Piano City is a Social Music Game  for iOS developed and published by UK-based game development company Room 8 Studio. The game was released on September 24, 2014. Piano City is a music game that takes player to a journey, where he competes in different concert recitals while building up piano skills. The game also has a PvP mode, where anyone can play with other Piano City players.

Gameplay
Player starts at the School Hall with basic songs and progresses through the story, while improving skills, playing both classical music and modern hits. During the journey, players will collect different items and pass musical quests.

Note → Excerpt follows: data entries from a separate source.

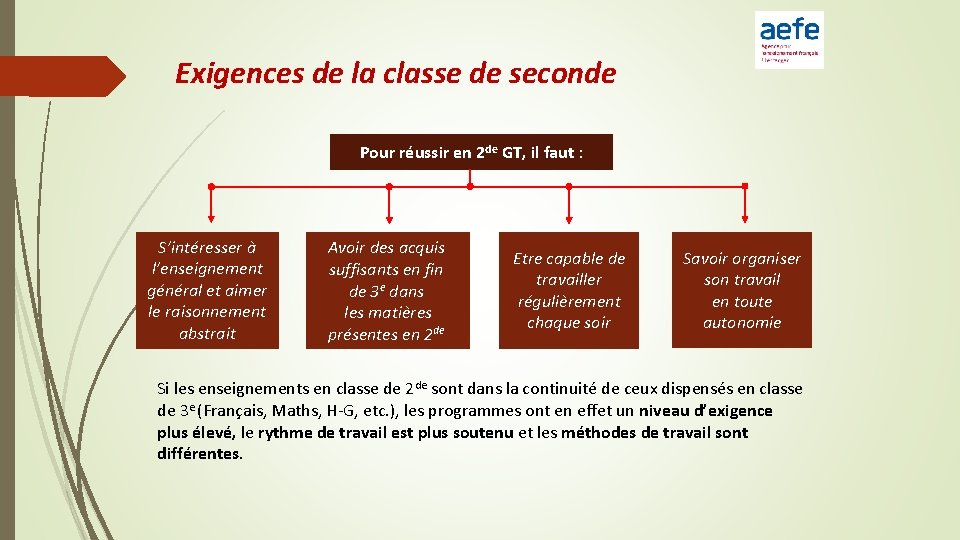 Exigences de la classe de seconde Pour réussir en 2 de GT, il faut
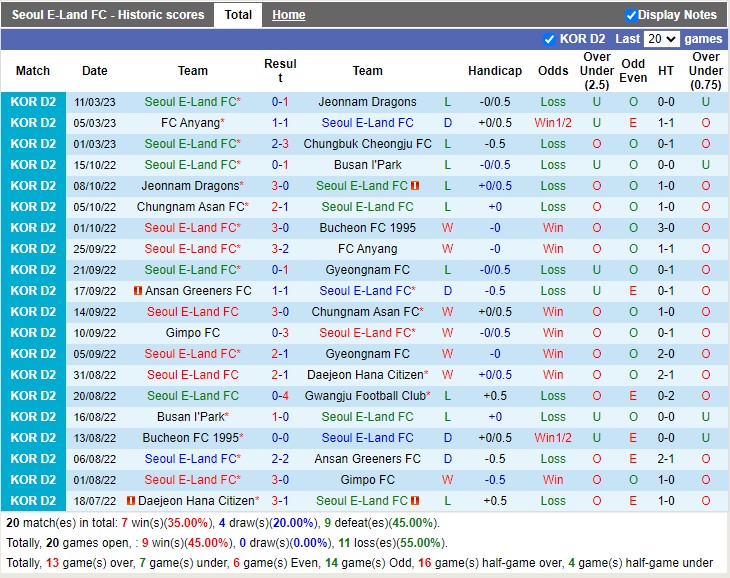 Nhận định Seoul E vs Bucheon FC 1995 17h00 ngày 293 (Cúp QG Hàn Quốc 2023) 3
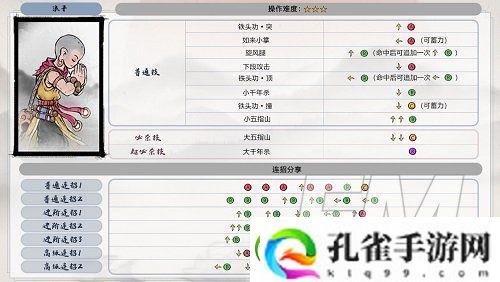 墨斗角色强度分析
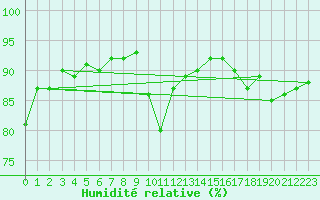 Courbe de l'humidit relative pour Quimperl (29)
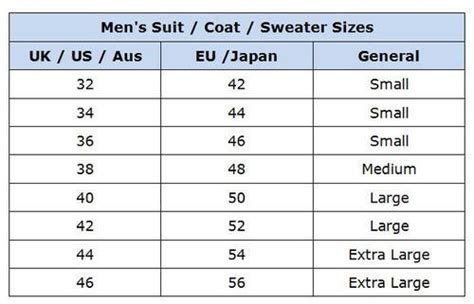 Shop Abroad With These Clothing Size Conversion Charts | Mens pants size chart, Clothing size ...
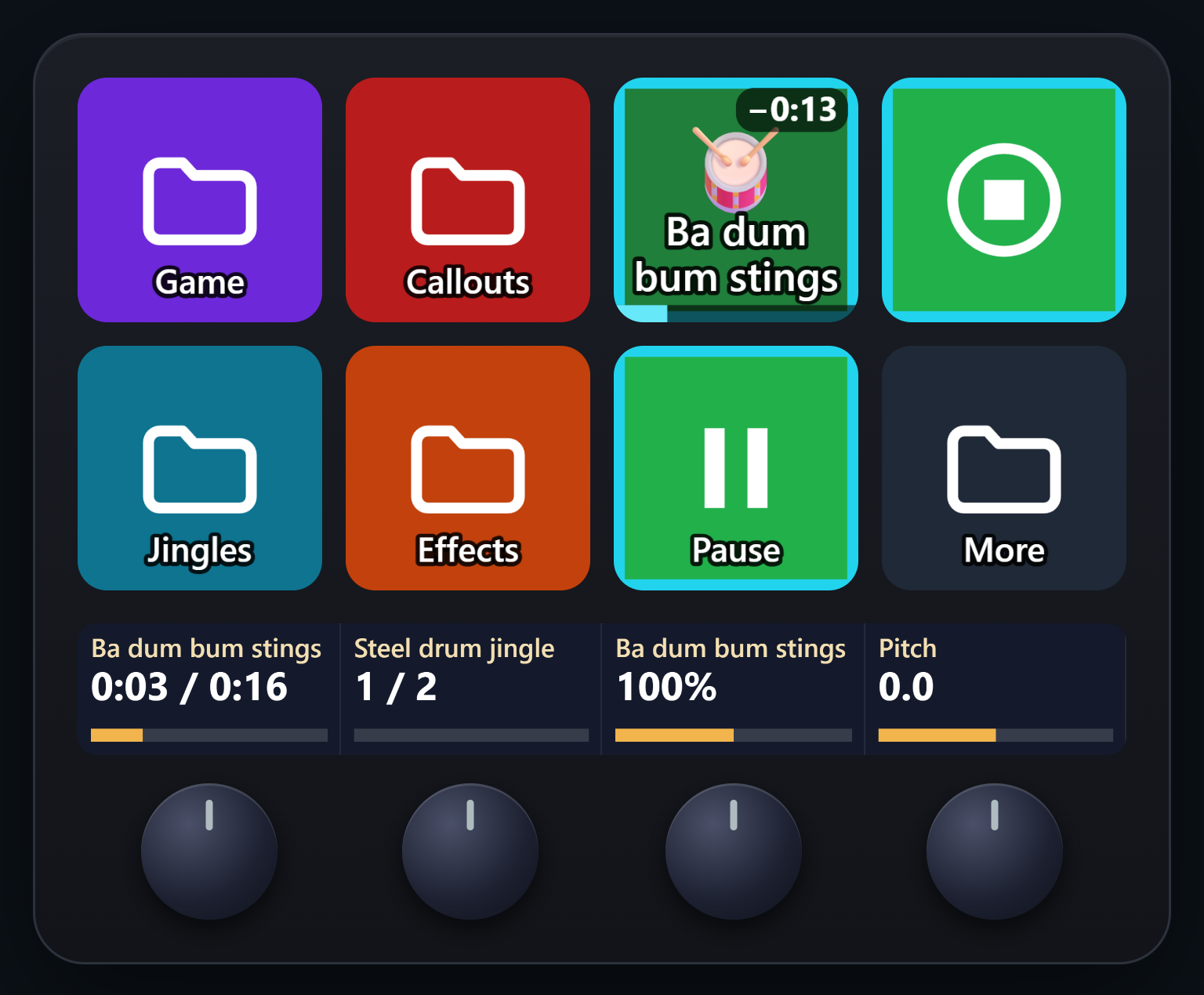 The example layout on a Stream Deck +: eight keys and four dials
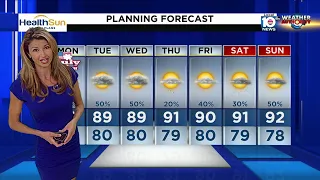 Local 10 News Weather: 07/04/22 Morning Edition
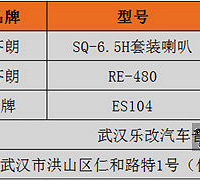 武昌徐东汽车音响改装,乐改比亚迪G6影音升级改装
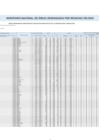 Vista preliminar de documento ANEXO II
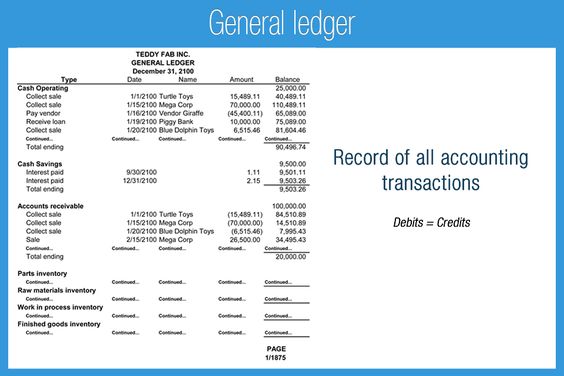 M_6F_General_ledger Accounting Pinterest General ledger - general ledger format M_6F_General_ledger Accounting Pinterest General ledger - general ledger format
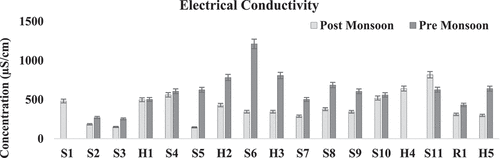 Figure 6. Observed electrical conductivity in the years of 2021(post monsoon) and 2022 (pre monsoon).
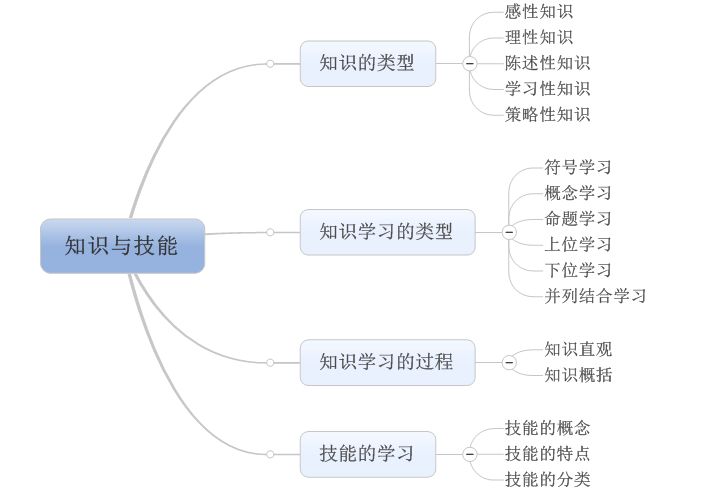 死磕科目二第2天丨知识学习的类型有哪些操作技能有哪四个形成阶段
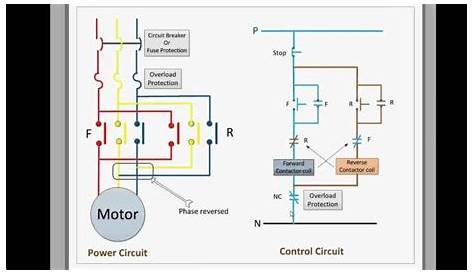 forward reverse wiring diagram dc motor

The game has 4 main characters:

 Magnus - Piano master who will help the player to master his skills.
 Arthur - Young, arrogant but very promising pianist.
 Kim - A friend, that will support the player.
 Tom - Beginner pianist who is often offended by Arthur.

Reception
Piano City was honored by the iOS App Store and listed as #5 in Best Games of September collection and also reached #1 music game rank in 126 countries.

Updates
The game receives regular thematic updates dedicated to holidays.

 Update 1.3 (October 22) -  Halloween theme, more than 20 new melodies added (including SIA, PSY, Europe, Yiruma, Katy B), new halls added with more than 40 quests, new collections.
 Update 1.4 (Upcoming) - Christmas theme, new melodies, halls, renewed game balance, bug fixes.